水の気持ち

梅雨もそろそろ明けそうですね。
この季節から夏にかけて、雨や湿気をきっかけに「水」というものを身近に感じます。

青森県白神山地

小説「パルテノペ」でもモチーフとしましたが、私はよく自分が水になったときのことを想像します。
水に意識があったのなら、どのように世界が見えるのか。そう考えると、身体がゆるやかに世界と融合し、地上も空も分け隔てなく漂える心持ちになります。
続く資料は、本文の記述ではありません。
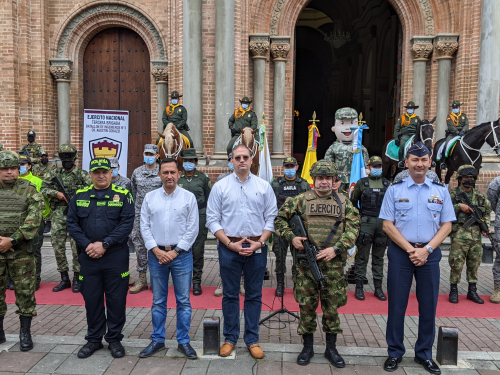 Autoridades realizan el lanzamiento de la campaña de seguridad “Apasiónate por la Vida” en el Valle del Cauca.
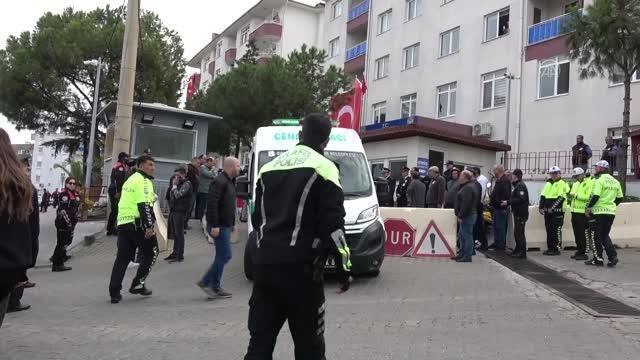 Son dakika haberleri! BALIKESİR - Ayvalık'ta hayatını kaybeden polis memuru için tören düzenlendi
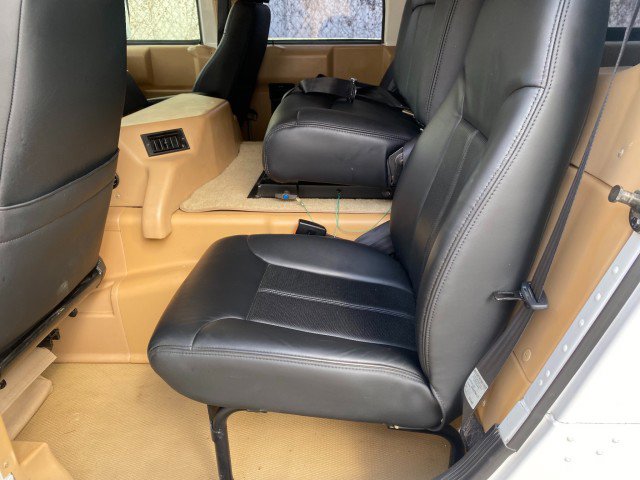 Used 1997 HUMMER H1 4-Door Wagon image 16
フランスの免疫学者ジャック・ベンベニストは「水には記憶がある」と主張して避難を浴びましたが、科学的な見地は無視して、水にはそのように思わせる大きな魅力があります。

青森県白神山地

まず、水は他のものと交わりやすい性質を持っています。何とでも融合し、性質を変えます。
そして分離もでき、自然へと還っていきます。
つまり地球のあらゆるものに寄り添いながら、その歴史を見てきているのです。
海洋の深くには、二千年もかけて巡る海流があり、北の大地には、何億年も前の状態を留めた水が残っています。
そんな悠久の時を過ごした水には、記憶があってもおかしくはないのではないかと思ってしまいます。

秋田県大館市

そして水は気体や液体、固体に姿を変えます。それもめまぐるしく、私たちの見ている前で変化が起こります。大地の端まで行けば海があり、空を仰げば雲がゆるやかに流れていきます。冬の朝には霜ができ、雪だって降ります。人間の世界でも、自由に水の形を変えて利用しています。
水はそうやって形を変えながら、世界のあらゆる場所を縦横無尽に駆けめぐり、私たちの身の回りや厳しい自然の中に存在し続けます。

さて、想像してみてください。
雲となり空から見下ろす大地はどのようなものなのでしょうか。
雨となり地上へ落ちるときはどのように景色が迫ってくるのでしょうか。
水となり海中を漂うときには、いくつの生命と出会うのでしょうか。

Xiamen, Fujian, China

そのように想像すると、水の視点というのは、地球の視点であるように思えます。
最近の研究では、地球の中心となるマントルの部分にも水分があることが分かりました。
地球のあらゆるところに、水は存在するのです。まさに地球は水の惑星そのものです。

普段、当たり前のように接している水には大きな魅力が溢れています。
たまには仕事や生活を離れて、思いを馳せてみるのもいいと思います。